What the Original Data Measures

DBpedia Entity Retrieval evaluates ranking entities for information needs over an encyclopedic knowledge base. In BEIR-style retrieval, the entity descriptions are treated as documents. Relevance can depend on entity name, alias, type, location, category, relationship, or a combination of these constraints. A relevant result is not merely a document sharing words with the query; it must be the right kind of entity.

The Thai translated version adds difficulty from short Thai queries, translated descriptions, entity names that may remain in English, and tokenization-sensitive matching. A strong model must preserve exact names and categories while also recognizing semantic entity constraints when the query wording differs from the description wording.

Observed Data Profile

The task contains 50 queries, 6,045 documents, and 1,158 relevance judgments. It is strongly multi-positive, with an average of 23.16 positives per query. The minimum is 1, the median is 18.0, the maximum is 81, and 48 queries are multi-positive, or 96.0% of the query set. This makes the benchmark a broad entity ranking task rather than single-answer lookup.

Queries average 30.92 characters, while documents average 316.44 characters. The queries are short and often keyword-like, while entity descriptions are concise summaries. Since one query can match many entities, the model must recover the relevant set, not just one obvious name match.

BM25 Evaluation Profile

BM25 reaches nDCG@10 of 0.5043, hit@10 of 0.9200, and recall@100 of 0.6520 using the top-500 BM25 candidate subset. This is a strong lexical profile. Entity retrieval often contains names, places, or category terms that transfer directly into descriptions, and BM25 can exploit these anchors effectively.

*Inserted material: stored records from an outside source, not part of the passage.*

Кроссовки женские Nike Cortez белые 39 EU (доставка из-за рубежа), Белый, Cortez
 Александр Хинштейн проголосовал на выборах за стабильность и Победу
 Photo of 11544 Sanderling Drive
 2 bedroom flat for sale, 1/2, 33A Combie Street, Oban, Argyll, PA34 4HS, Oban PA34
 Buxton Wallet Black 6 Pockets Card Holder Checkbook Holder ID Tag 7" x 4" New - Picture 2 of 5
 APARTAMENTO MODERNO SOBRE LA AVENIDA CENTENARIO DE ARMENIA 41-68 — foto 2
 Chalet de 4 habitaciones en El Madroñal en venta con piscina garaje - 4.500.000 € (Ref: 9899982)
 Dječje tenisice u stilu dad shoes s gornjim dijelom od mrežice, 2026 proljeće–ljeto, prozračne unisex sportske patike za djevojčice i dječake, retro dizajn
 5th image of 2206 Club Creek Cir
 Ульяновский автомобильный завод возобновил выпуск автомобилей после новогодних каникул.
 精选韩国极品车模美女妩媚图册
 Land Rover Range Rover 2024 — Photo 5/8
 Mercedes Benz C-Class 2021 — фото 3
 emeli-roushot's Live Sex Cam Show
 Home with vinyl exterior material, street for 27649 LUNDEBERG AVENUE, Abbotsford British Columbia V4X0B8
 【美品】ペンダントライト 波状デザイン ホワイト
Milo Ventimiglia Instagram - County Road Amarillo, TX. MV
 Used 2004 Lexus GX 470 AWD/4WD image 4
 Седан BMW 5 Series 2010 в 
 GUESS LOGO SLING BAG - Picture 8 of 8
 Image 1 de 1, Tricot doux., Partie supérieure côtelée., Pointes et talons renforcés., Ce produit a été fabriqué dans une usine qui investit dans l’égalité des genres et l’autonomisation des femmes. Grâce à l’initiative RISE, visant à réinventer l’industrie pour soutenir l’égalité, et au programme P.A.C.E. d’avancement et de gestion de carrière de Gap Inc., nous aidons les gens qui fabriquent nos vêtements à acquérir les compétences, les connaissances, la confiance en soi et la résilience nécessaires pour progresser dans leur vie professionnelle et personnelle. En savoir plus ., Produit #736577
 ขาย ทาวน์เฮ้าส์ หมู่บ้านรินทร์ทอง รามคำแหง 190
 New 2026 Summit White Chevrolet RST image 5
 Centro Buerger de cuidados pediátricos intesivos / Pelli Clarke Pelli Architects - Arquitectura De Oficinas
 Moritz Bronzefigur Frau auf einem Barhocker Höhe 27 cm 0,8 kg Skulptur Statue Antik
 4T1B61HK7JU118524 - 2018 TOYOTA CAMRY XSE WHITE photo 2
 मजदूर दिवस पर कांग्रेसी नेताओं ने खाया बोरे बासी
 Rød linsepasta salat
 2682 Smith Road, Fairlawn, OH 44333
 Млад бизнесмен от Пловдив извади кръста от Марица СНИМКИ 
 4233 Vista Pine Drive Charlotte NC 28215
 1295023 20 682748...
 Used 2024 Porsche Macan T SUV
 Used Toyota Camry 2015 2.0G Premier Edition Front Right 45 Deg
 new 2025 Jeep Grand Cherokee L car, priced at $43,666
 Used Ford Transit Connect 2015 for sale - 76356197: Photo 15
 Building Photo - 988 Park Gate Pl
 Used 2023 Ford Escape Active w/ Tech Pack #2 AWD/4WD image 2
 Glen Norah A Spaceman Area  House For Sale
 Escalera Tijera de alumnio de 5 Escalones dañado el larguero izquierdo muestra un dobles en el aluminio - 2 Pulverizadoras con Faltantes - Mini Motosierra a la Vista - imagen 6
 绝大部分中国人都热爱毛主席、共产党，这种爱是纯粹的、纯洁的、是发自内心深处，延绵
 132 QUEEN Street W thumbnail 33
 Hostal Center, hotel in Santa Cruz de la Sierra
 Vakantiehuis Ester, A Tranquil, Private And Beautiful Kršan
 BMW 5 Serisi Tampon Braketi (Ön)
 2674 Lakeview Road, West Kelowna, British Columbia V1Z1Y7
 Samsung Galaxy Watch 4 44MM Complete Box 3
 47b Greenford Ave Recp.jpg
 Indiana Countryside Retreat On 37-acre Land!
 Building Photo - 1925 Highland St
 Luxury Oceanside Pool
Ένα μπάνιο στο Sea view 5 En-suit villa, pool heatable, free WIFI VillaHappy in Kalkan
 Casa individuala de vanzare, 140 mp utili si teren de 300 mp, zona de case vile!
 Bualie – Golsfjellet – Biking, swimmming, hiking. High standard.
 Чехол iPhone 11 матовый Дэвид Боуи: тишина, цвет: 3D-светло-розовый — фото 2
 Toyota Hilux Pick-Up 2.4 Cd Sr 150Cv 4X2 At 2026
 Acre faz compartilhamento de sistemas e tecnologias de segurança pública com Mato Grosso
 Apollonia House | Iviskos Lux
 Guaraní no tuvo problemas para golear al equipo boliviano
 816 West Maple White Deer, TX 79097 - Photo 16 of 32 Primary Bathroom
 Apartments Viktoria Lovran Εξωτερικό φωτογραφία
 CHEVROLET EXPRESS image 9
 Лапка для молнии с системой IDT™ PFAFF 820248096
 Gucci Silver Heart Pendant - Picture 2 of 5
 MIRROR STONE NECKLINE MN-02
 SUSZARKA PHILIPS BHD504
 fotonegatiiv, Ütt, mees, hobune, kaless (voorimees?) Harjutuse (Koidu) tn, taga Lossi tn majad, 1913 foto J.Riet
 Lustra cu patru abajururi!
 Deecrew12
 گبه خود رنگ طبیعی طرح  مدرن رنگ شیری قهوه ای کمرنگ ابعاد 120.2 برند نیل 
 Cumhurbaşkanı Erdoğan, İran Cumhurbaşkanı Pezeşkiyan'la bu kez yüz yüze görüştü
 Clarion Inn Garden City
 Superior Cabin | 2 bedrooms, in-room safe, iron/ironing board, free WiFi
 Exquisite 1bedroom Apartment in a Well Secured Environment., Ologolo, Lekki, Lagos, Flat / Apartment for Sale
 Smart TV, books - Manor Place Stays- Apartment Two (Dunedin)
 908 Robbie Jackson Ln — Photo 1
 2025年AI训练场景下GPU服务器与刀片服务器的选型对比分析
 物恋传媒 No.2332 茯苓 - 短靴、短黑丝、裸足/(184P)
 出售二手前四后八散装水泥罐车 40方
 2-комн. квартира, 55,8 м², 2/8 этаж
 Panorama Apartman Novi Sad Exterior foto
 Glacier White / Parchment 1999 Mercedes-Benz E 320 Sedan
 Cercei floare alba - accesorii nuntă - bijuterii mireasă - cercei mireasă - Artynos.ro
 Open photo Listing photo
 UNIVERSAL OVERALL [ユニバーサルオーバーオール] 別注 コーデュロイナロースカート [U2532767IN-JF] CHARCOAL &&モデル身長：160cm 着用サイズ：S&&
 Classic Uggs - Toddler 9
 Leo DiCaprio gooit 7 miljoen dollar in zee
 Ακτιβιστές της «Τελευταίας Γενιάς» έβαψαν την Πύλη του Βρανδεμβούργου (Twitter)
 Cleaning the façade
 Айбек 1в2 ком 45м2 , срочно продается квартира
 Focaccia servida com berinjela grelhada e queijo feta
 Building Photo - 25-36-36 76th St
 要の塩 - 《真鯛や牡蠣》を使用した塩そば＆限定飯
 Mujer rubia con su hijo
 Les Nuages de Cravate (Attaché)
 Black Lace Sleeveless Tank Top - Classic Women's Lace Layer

The recall@100 value shows the remaining challenge. Many queries have broad relevant sets, and exact overlap may miss aliases, translated category labels, or entities that satisfy the intent without repeating the query terms. BM25 is useful for initial entity matching but does not fully cover the relevant set.

Dense Evaluation Profile

The dense harrier-oss-270m run reaches nDCG@10 of 0.5468, hit@10 of 0.9400, and recall@100 of 0.6675. Dense retrieval improves over BM25 across the main metrics, although the margin is moderate. This indicates that embedding similarity helps identify type and category matches beyond exact lexical overlap.

Dense retrieval is especially useful when the query is short and underspecified. It can connect entity needs to descriptions that use different phrasing, and it can capture broader semantic categories such as films, former republics, architecture, or collections. Remaining errors are likely to involve ambiguous entity types, names that require exact matching, or broad queries with many acceptable results.

Reranking Hybrid Evaluation Profile

The reranking_hybrid candidate set reaches nDCG@10 of 0.5482, hit@10 of 0.9000, and recall@100 of 0.6986. It uses exactly 100 candidates per query, with no rank-101 safeguard rows. The hybrid profile has the best nDCG@10 and recall@100, while dense retrieval has the best hit@10.

This pattern suggests that combining lexical and dense evidence is useful for ranking the broader entity set. BM25 contributes exact names and type terms, while dense retrieval adds semantic category matching. The small nDCG gain over dense indicates that the two signals are complementary, though the lower hit@10 also shows that hybrid ordering can occasionally displace an early obvious positive.

Metric Interpretation for Model Researchers

Because almost every query has many positives, hit@10 alone is insufficient. A model can find one relevant entity early and still fail to rank the relevant set well. nDCG@10 measures first-page density and ordering quality, while recall@100 measures whether the candidate set covers enough relevant entities for downstream reranking.

The method comparison shows a balanced task. BM25 is strong because entity names and categories are lexical. Dense retrieval improves semantic type matching. reranking_hybrid gives the best graded top-10 ranking and recall. This makes NanoDBPedia-th useful for testing entity search systems that combine exact name handling with semantic category understanding.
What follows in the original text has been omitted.